A meeting has been scheduled for tonight at 5 pm EST for another round of negotiations after President Trump received a pleasant letter from President Xi with an “excellent alternative.” The paperwork is still being processed to increase the tariffs at midnight. Stocks and Treasury yields rose on the news.

Today’s $19 billion 30-year Treasury auction saw strong foreign demand with foreign bidders snapping up 60.5% of the auction. Domestic bidders took a mere 11%, which left securities dealers with 28.5% of the auction. Treasury yields fell following the auction, after rising on hopes of a trade deal.
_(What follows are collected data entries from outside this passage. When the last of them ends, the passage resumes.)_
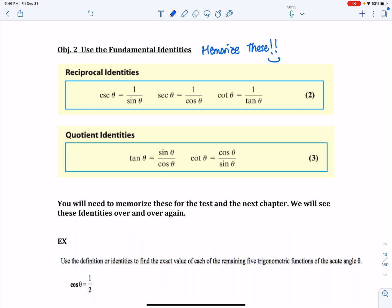I'm going to stop right here and pick up in another video, where we will look at using a definition or identities to find the exact value of each of the remaining trigonometric functions.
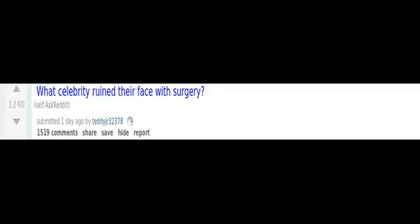What celebrity ruined their face with surgery? Carrot Top. Meg Ryan. Donatella Versace. Kenny Rogers. Simon Cowell. It looks like his face is melting off now.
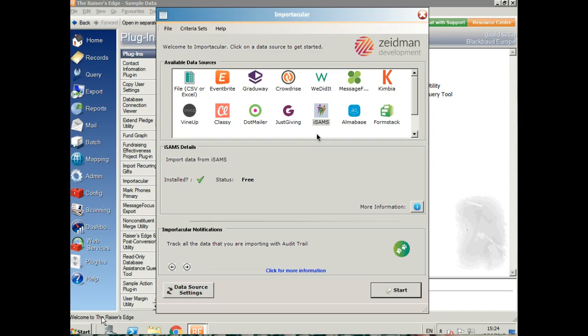Hi, my name is Kimberly from Zeidman Development. Today I'm going to show you how to import data from ISAMS into Raiser's Edge using Importacular.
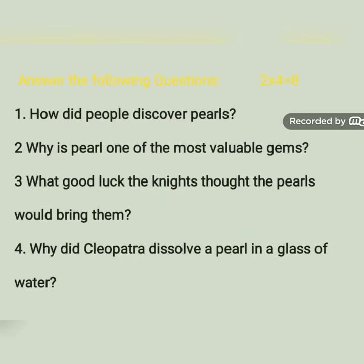Next, answer the following questions. Students, you have to write the answers. For question one: how did people discover pearls? The answer is in the very first line of your passage — while searching for food at the seashore, people discovered the pearls.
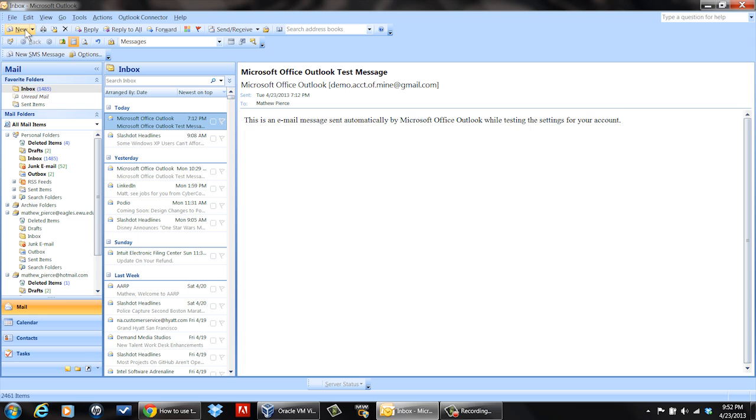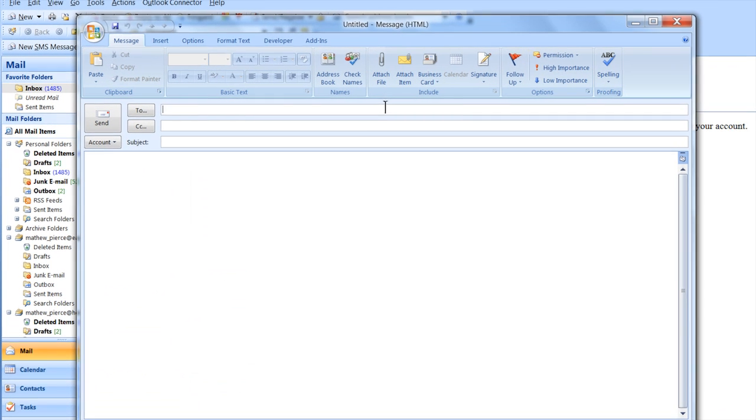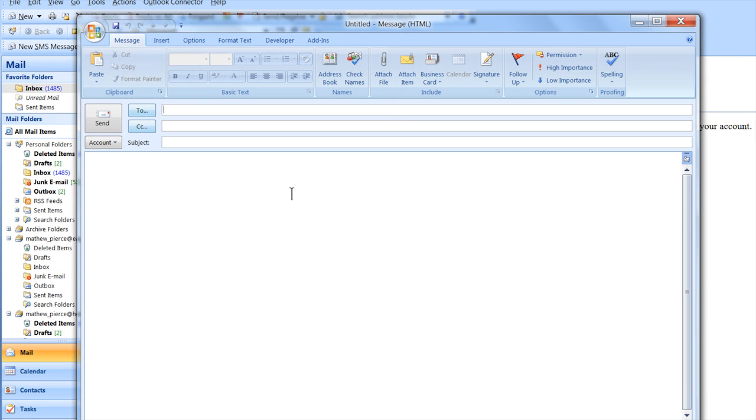It's relatively easy to set up. All you have to do is open up Outlook and start a new message.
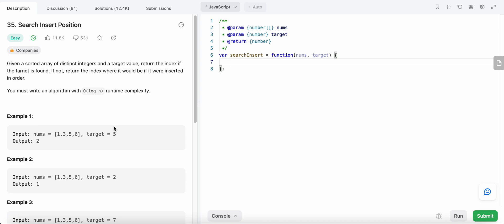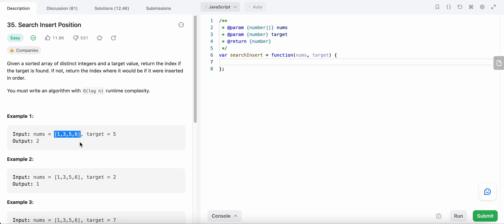Hello friends, today I'm going to solve LeetCode problem number 35: Search Insert Position. In this problem we are given a sorted array of distinct integers and a target value. We need to return the index if we find the target value; if not, we return the index where we could insert the target value in order. We need to solve it in O(log n) time complexity, which means we are going to use binary search, since the array given to us is sorted.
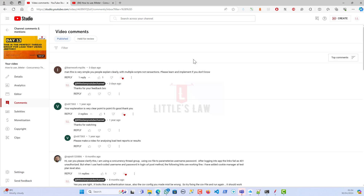I haven't taken it personally — I understand this will benefit every one of our subscribers, so that's why I created this new video. This is Day 16 in this series, which covers performance testing from scratch: collecting requirements, workload modeling, creating scripts, parameterization, correlation, running tests with different groups, collecting results, and sending reports. Thanks to learnwork mp3tx for your question — I'm preparing this video for all our subscribers.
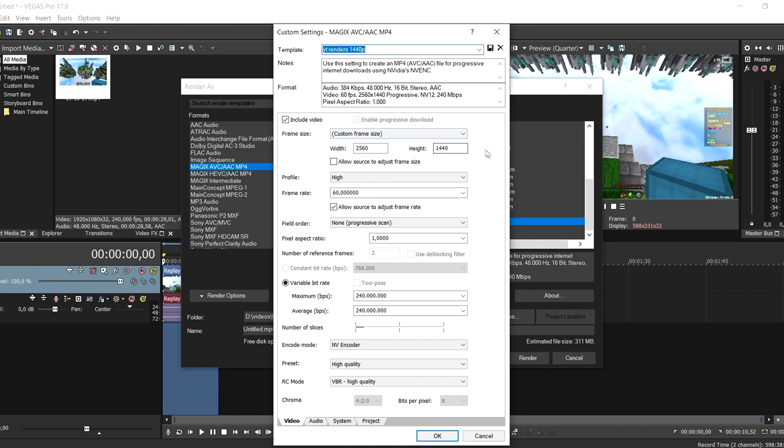Just make sure the frame size is on 1440p, and this is just so you get a better encoder on YouTube. Because when it's 1080p it will just use a bad encoder and your video will literally look trash on YouTube. So I recommend 1440p or 4K.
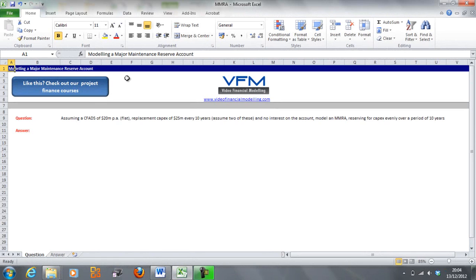Hi all, and welcome to this Video Financial Modeling blog tutorial. Today we're going to look at modeling a major maintenance reserve account. If you haven't already done so, please go to www.videofinancialmodeling.com/blog and read the blog tutorial, because that's going to give you some background about major maintenance reserve accounts and why we use them.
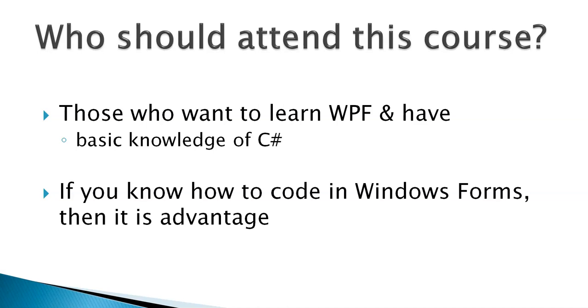In case you want to continue using other language like VB.NET, then be aware that in entire session I won't be covering anything on VB.NET, we will be having all demonstrations on C-Sharp.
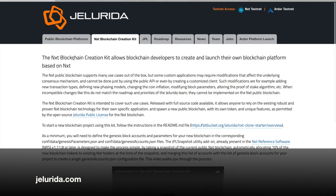On Jellarita.com, we'll pick the NXT Blockchain Creation Kit tab and we'll learn that the NXT Blockchain Creation Kit allows blockchain developers to create and launch their own blockchain platform based on NXT. There might be times when you want to create your own private or public blockchain — for instance, if you want new transaction types, or you want to change some inflation of the coin, or modify your block parameters, or any of those other things that aren't able to be done in the regular API interface or a new client.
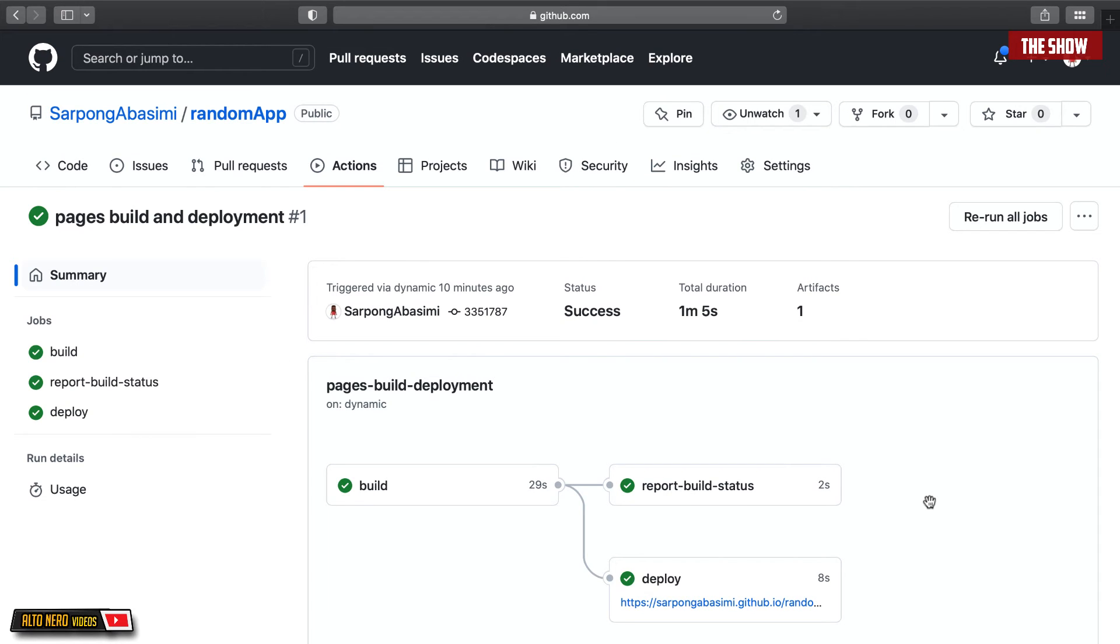So the action has actually finished running. So let us go ahead and click on this link to see if the React app has indeed been deployed. So I'll go ahead and click on this. But as you can see, it hasn't been deployed. Let us see what's going on.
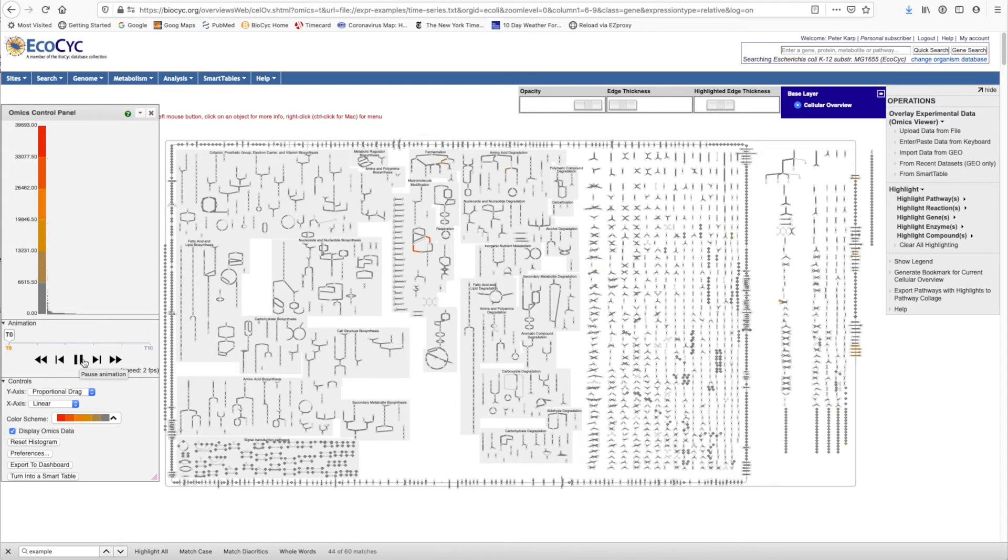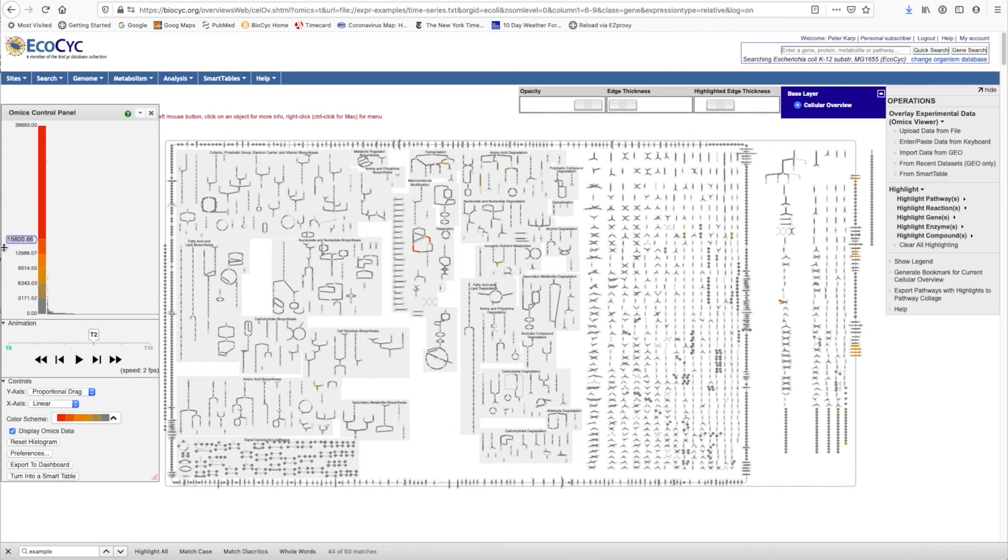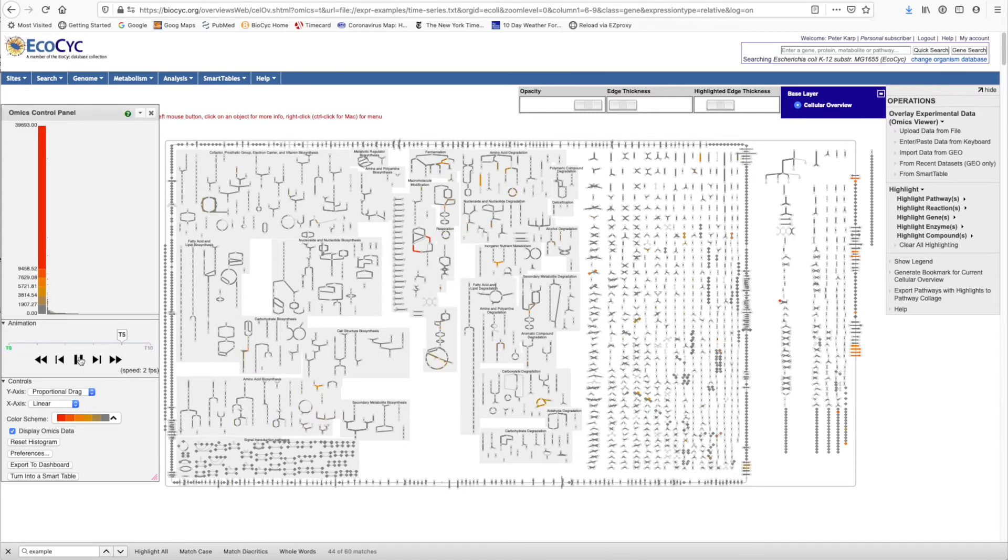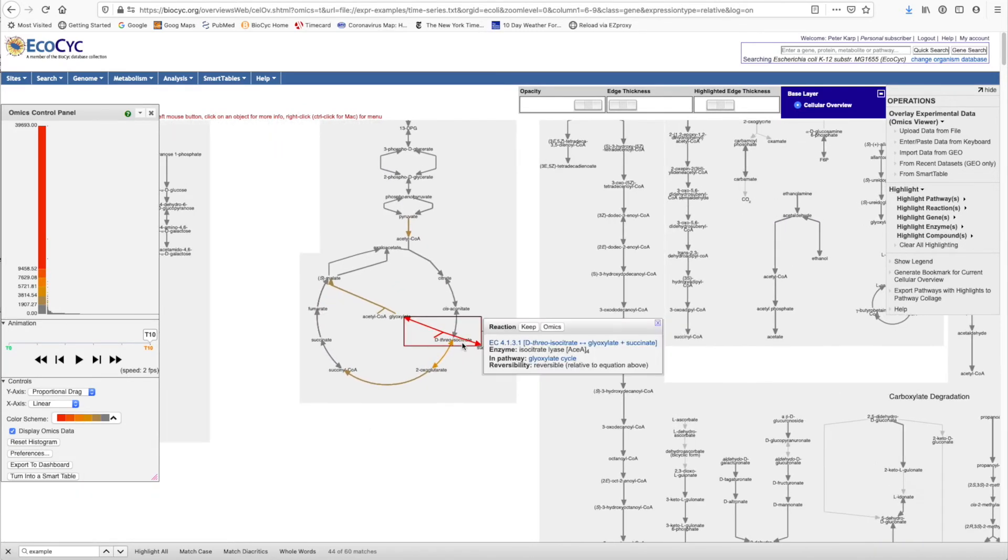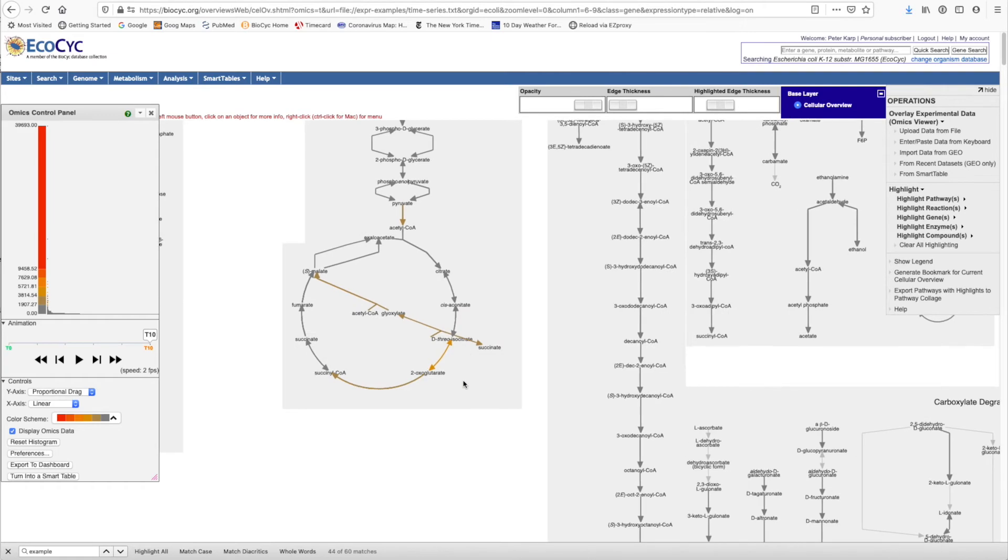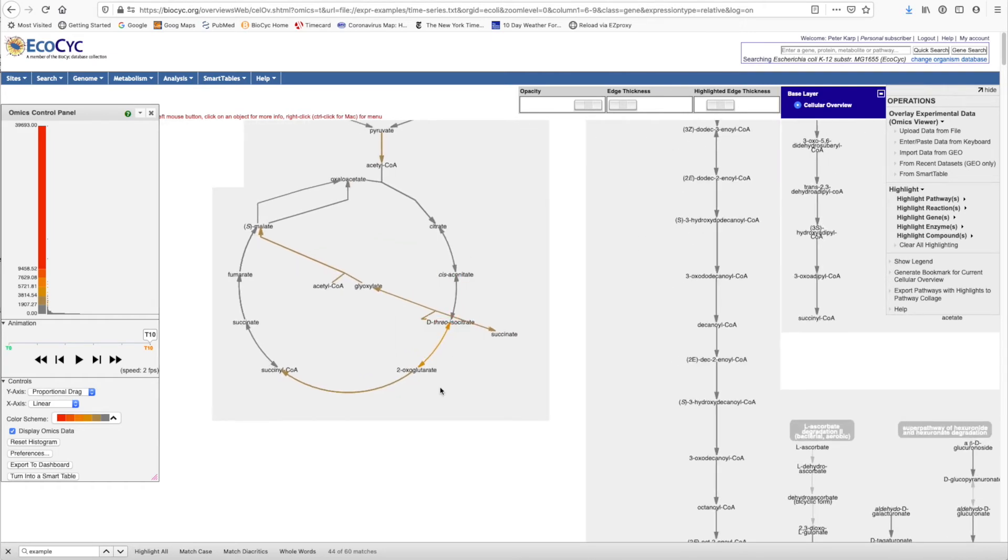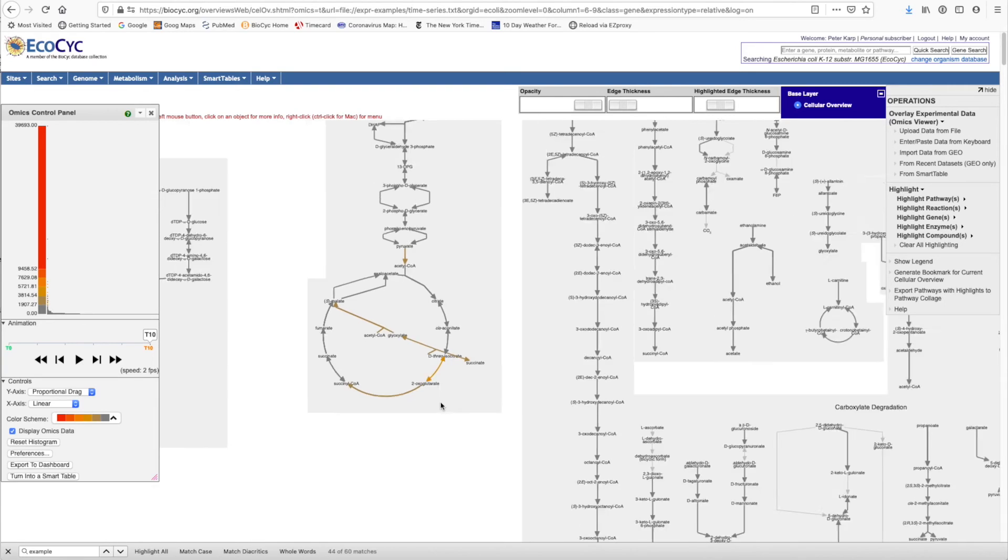Now one thing you may be noticing is that this color scheme is not optimal for this particular data set. So what we're going to do is drag the color scale downwards so that we can expand the range of the color set. And now we're seeing a lot more information. Now we can start and stop the animation or step it forward manually. And when we do so, we can zoom in on the TCA cycle to see more details of what's happening in different areas of the TCA cycle.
President Trump’s tweets mostly saved stocks today as the S&P 500 rallied back but ran into stiff overhead resistance. For some reason, investors continue to believe that dropping the 10% tariffs will lead to a massive global economic boom. If only it was that easy.

Treasury yields were down on the day but traded higher as investors continue to fear inflation, which based on the growth rate of the money supply, is not happening. Consumer prices may be rising, but consumer spending power is not keeping pace.

Physical gold continues to be rejected at resistance which still points to the low $1,200s/oz as the next level of support. The large gold mining ETF closed under its 200-day moving average, which is bearish.

The broad M2 Money Supply jumped out of the danger zone as the annualized growth rate increased to 3.95% as the money supply hit a new all-time high last week. The 6- and 3-month growth rates increase to 2.11% and 0.63% respectively. Overall money supply growth remains weak and consistent with weak economic growth.

The stock and bond market awaits the outcome of tonight’s meeting and the implementation of increased tariffs.